╔══

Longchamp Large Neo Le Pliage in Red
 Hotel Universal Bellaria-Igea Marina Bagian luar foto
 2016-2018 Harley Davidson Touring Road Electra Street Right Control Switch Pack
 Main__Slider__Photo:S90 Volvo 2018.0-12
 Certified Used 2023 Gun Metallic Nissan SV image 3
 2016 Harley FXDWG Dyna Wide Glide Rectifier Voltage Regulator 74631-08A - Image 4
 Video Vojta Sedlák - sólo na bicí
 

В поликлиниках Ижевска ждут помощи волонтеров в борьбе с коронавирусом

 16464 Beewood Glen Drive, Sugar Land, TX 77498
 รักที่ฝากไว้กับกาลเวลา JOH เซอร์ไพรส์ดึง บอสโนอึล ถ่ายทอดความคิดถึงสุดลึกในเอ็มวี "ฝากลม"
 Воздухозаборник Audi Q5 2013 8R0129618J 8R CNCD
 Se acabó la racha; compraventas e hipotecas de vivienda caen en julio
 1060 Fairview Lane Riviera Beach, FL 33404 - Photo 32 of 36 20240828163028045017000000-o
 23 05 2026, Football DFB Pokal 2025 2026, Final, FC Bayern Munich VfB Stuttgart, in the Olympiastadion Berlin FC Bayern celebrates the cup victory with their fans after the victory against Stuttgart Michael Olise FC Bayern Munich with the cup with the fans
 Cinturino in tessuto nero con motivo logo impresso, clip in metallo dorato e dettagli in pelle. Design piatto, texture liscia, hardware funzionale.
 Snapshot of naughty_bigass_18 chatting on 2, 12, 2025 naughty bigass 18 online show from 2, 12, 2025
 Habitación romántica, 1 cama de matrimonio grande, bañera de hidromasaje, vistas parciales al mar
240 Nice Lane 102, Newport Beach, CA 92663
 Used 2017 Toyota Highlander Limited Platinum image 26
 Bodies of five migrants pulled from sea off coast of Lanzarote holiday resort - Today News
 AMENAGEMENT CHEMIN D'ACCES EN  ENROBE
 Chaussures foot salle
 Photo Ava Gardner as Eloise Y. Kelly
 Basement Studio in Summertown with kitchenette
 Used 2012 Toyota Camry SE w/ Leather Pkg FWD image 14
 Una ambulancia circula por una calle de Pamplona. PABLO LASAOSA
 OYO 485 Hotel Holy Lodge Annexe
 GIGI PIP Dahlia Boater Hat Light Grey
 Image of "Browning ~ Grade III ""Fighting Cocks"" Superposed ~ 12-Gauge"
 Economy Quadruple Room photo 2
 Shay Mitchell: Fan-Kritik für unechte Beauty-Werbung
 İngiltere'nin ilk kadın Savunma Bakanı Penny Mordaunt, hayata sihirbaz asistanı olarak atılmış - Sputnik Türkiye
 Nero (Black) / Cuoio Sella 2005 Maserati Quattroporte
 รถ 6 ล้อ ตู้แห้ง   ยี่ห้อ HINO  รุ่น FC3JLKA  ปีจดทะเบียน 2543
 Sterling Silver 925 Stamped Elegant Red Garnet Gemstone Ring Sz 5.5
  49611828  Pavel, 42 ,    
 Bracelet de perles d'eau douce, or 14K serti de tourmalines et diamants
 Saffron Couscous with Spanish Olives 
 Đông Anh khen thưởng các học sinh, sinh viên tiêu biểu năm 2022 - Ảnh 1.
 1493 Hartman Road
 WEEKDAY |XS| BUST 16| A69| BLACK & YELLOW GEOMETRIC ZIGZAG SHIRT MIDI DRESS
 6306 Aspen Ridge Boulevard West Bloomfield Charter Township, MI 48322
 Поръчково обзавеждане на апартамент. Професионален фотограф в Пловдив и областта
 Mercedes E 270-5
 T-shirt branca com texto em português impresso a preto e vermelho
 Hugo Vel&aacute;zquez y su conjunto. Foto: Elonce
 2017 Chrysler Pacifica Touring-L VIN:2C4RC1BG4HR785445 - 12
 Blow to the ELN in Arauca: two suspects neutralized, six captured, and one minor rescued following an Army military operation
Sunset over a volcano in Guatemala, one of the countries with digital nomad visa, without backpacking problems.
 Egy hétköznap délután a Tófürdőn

╚══

### [Task directions]
Transcribe, exactly and without additions, the lines of the records above, beginning with the line that contains "İngiltere'nin ilk kadın" and ending with the line that contains "Sterling Silver 925", both included.

### [Result]
 İngiltere'nin ilk kadın Savunma Bakanı Penny Mordaunt, hayata sihirbaz asistanı olarak atılmış - Sputnik Türkiye
 Nero (Black) / Cuoio Sella 2005 Maserati Quattroporte
 รถ 6 ล้อ ตู้แห้ง   ยี่ห้อ HINO  รุ่น FC3JLKA  ปีจดทะเบียน 2543
 Sterling Silver 925 Stamped Elegant Red Garnet Gemstone Ring Sz 5.5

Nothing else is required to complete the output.